Deloitte’s Sports Business Group has released their annual review of football finance, finding positive results for the English Premier League, lead by five Northwest clubs.
Manchester United, Manchester City, Liverpool, Everton and Burnley combined to earn approximately £1.7 billion in revenue for 2016/17, out of £4.5 billion total from the league’s 20 clubs.
Three of the clubs landed in the top five overall, with United’s £581 million first, City’s £476 million second and Liverpool’s £365 million fifth.
The £4.5 billion generated by Premier League clubs was a record figure, with each of the 20 clubs setting their own personal record.
Deloitte’s Dan Jones lauded the Premier League’s positive results.
He said: “The financial results of the class of 2016/17 are the most impressive we have ever seen. Just a decade ago, 60 percent of Premier League clubs were making an operating loss whereas in the 2016/17 season, all clubs were profitable.

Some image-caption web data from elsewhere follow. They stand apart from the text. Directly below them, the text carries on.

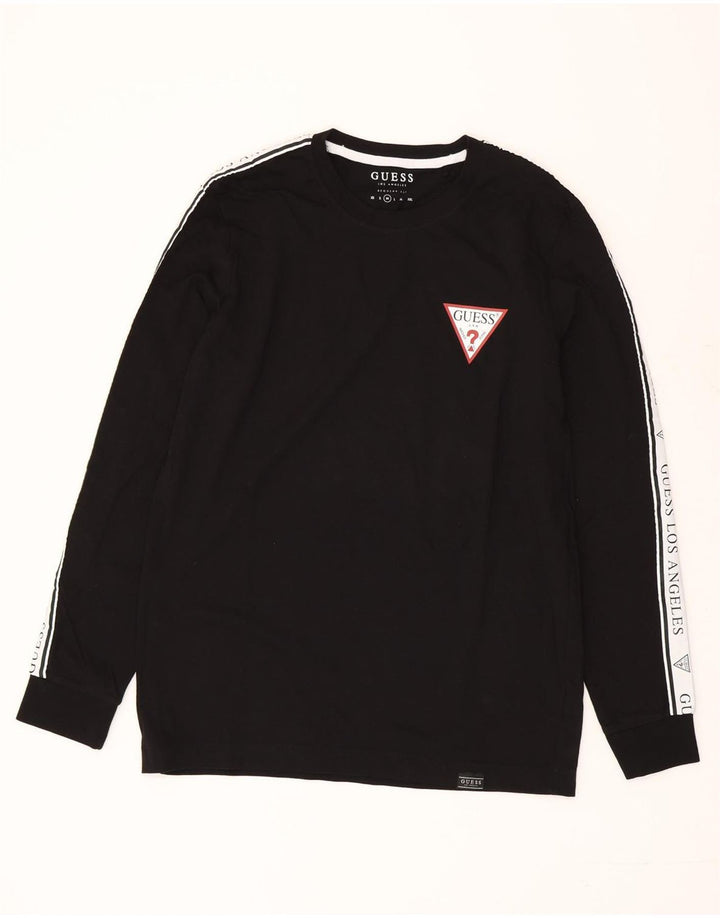 GUESS Herren-Grafik-Oberteil, langärmelig, mittelschwarz, Colourblock-Baumwolle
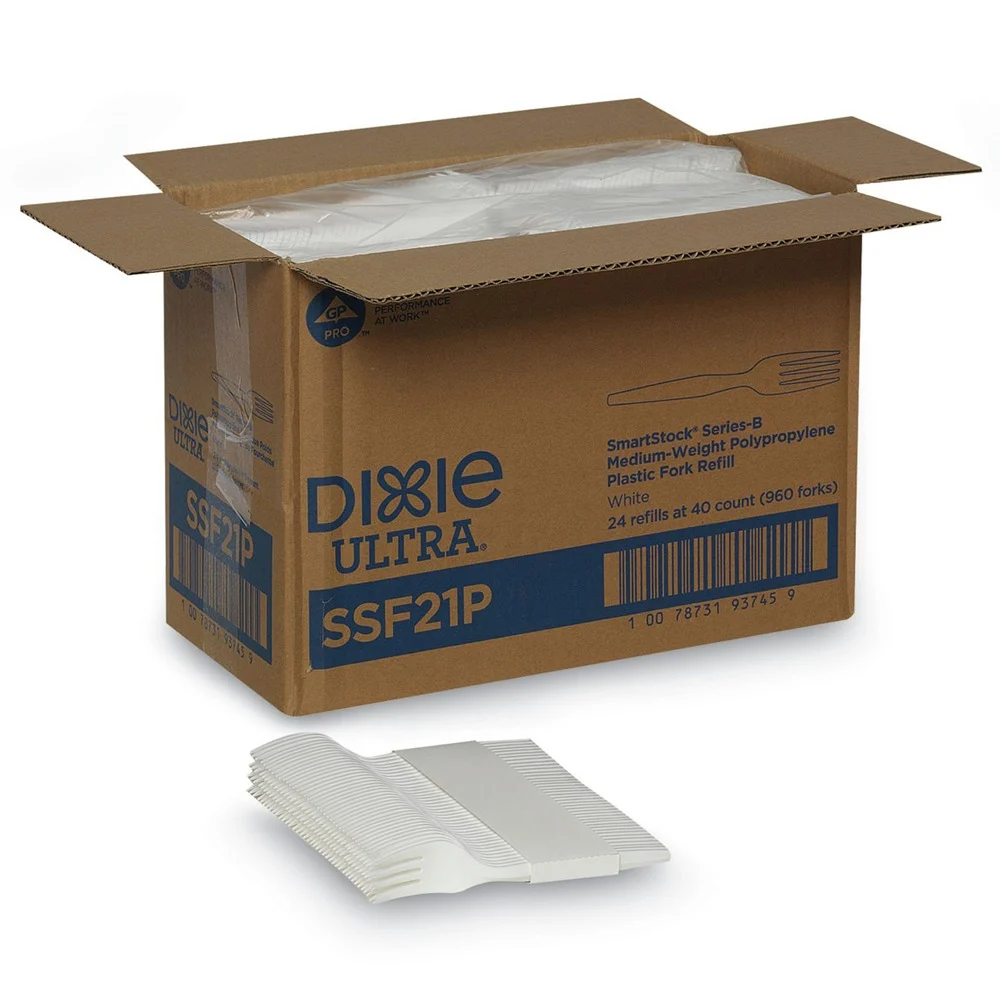Dixie SSF21P SmartStock Series-B 5.8 in. Mediumweight Plastic Cutlery Forks Refill - White (40/Pack, 24 Packs/Carton)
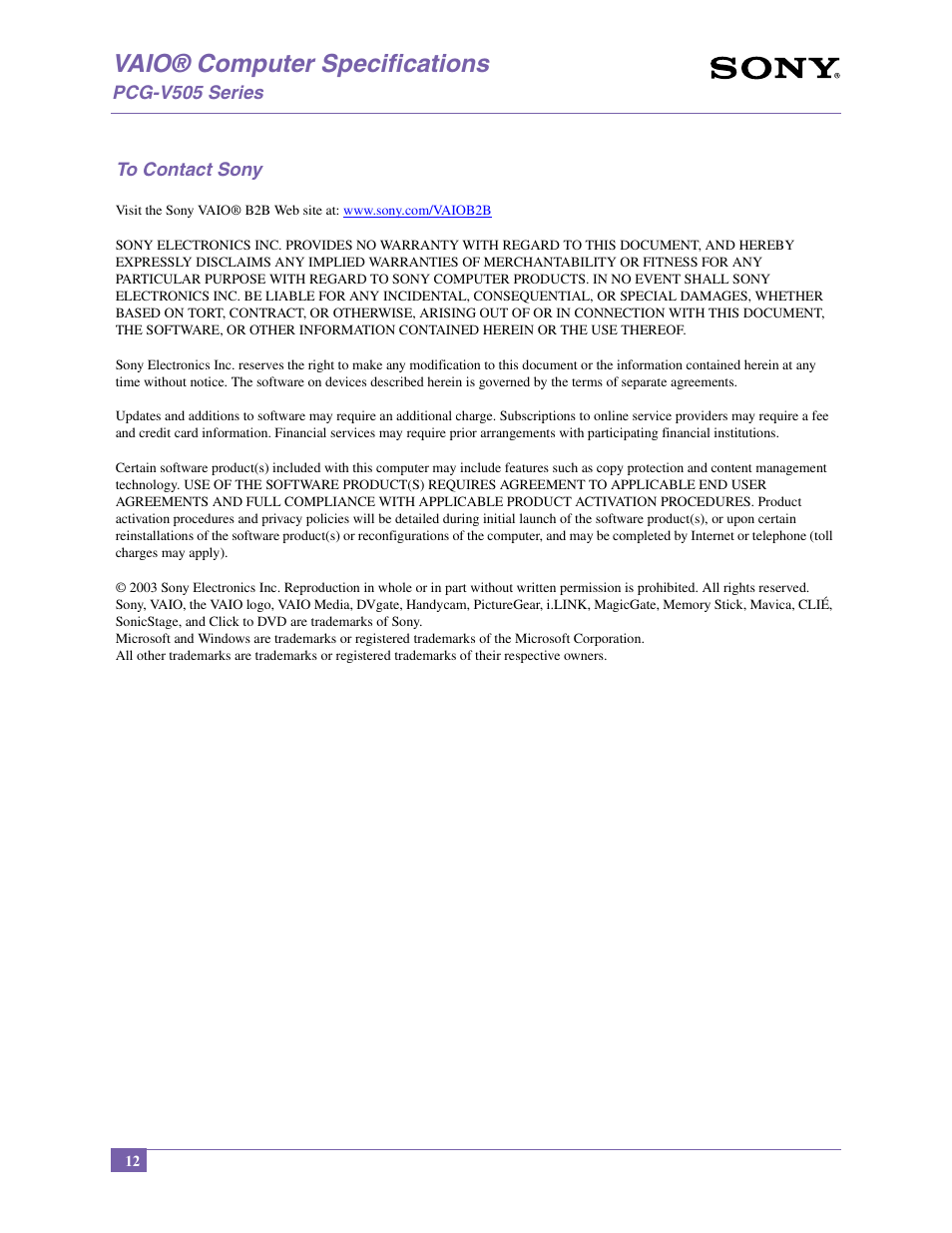 Vaio® computer specifications | Sony PCG-V505BCP User Manual | Page 12 / 12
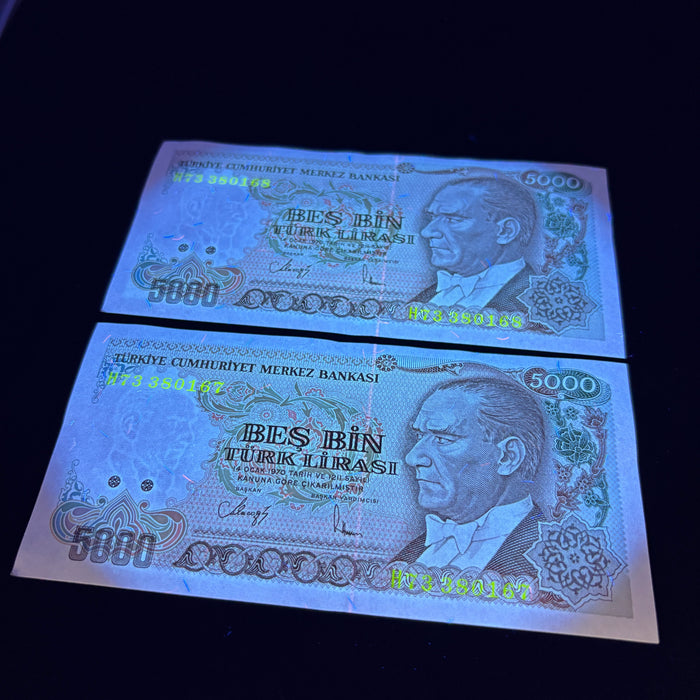 Vintage Banknote 1985 Set Turkey Consecutive Pair 5000 Lirasi UV Verified UNC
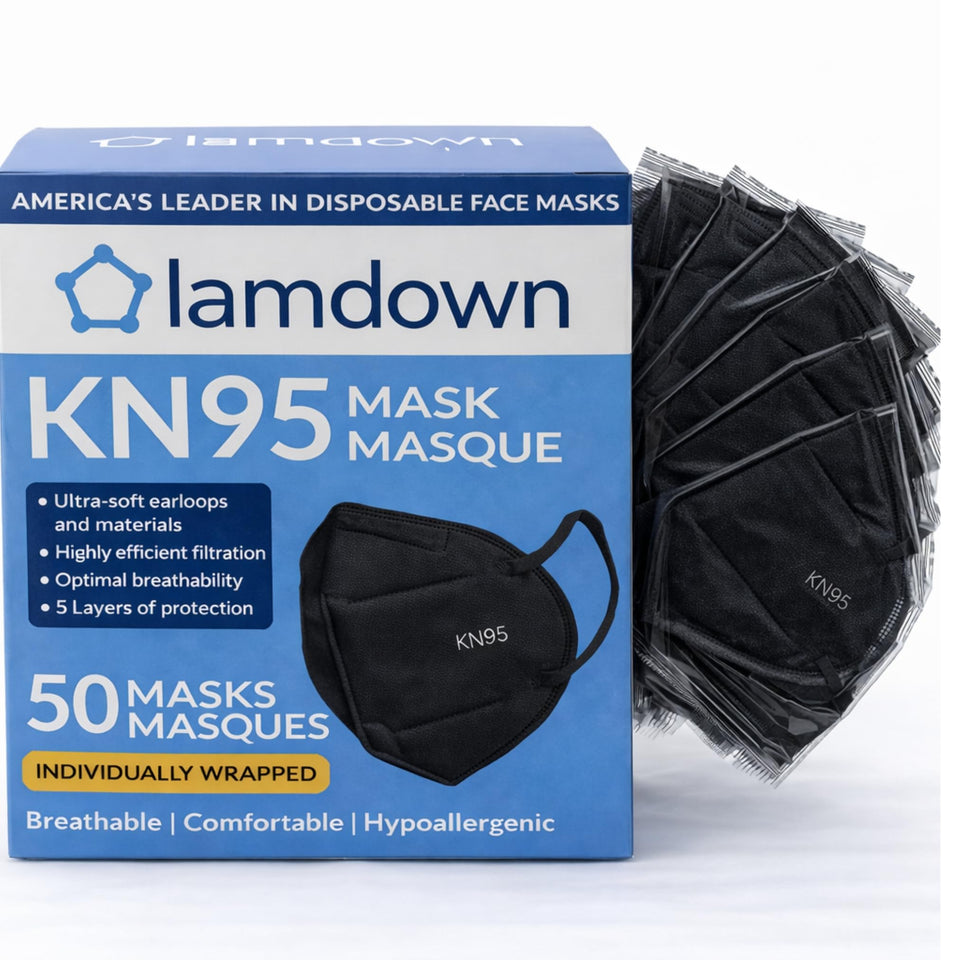 Lamdown KN95 masks 50-pack box for bulk protection and convenience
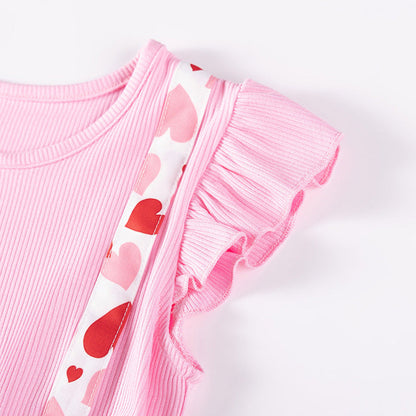 MyKids-USA® Heart Pattern Fly Sleeves Dress for Stylish Girls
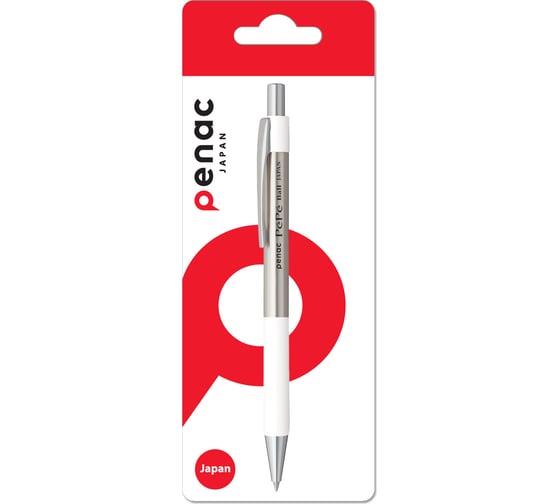 Изображение товара Шариковая автоматическая ручка Penac pepe 0.7мм, синяя, корпус металл/белый BB0502-01F/B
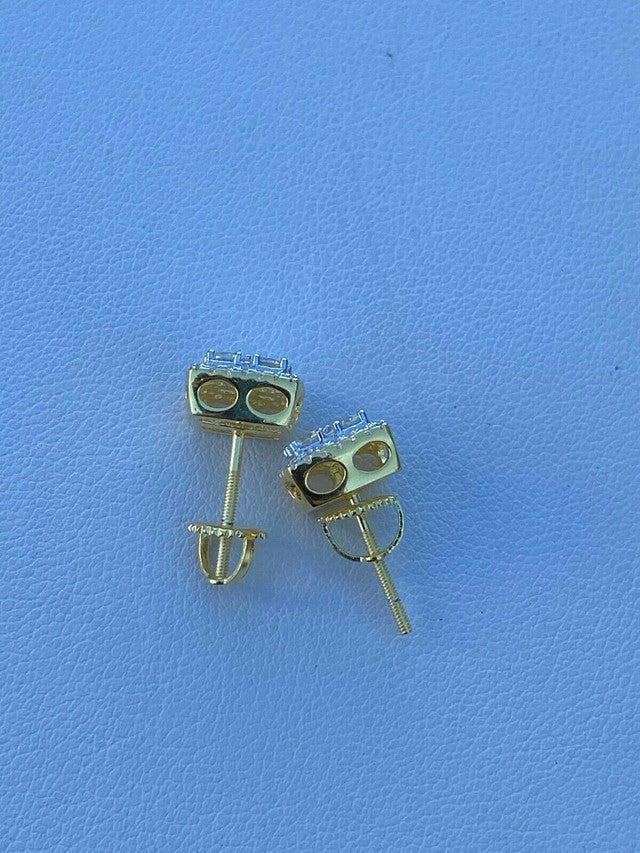 Real Solid 925 Silver Iced CZ Hip Hop Earrings Studs 14k Gold Finish Square ICY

“In addition, and for the first time ever, Premier League clubs’ revenues have grown at a faster rate than wages over a ten-year period.”
The Premier League wasn’t the only area in English football showing growth. Championship clubs posted a record combined revenue of £720 million, League One £146 million, and League Two £91 million.
The figures represent a growth of 30%, 7% and 6% respectively.
Tim Bridge, a Director at Deloitte said: “Financially speaking, the three leagues below the Premier League are now considerably larger than their peers at equivalent levels in the football pyramid, anywhere in the world. In no small part, this is due to the financial success of the Premier League and the filtering down effect in the form of parachute and solidarity payments. Parachute payments to Championship clubs made up almost a third of that division’s revenue.”
The numbers posted by the EPL have them remaining as the world’s most profitable football league, bringing in over a third of the £12.6 billion total revenue from the European big five leagues. Next highest, the Spanish La Liga, was 86% behind England’s top league.